Write out the data exactly, keeping every line.

**Data extracted from a collection:**
= = =

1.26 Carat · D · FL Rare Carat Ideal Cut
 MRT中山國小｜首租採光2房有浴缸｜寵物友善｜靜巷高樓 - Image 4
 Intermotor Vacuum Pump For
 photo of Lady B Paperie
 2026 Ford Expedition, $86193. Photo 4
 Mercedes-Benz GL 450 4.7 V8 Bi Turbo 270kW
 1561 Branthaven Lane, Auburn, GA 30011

= = =

**RESULT OF THIS TASK:**
1.26 Carat · D · FL Rare Carat Ideal Cut
 MRT中山國小｜首租採光2房有浴缸｜寵物友善｜靜巷高樓 - Image 4
 Intermotor Vacuum Pump For
 photo of Lady B Paperie
 2026 Ford Expedition, $86193. Photo 4
 Mercedes-Benz GL 450 4.7 V8 Bi Turbo 270kW
 1561 Branthaven Lane, Auburn, GA 30011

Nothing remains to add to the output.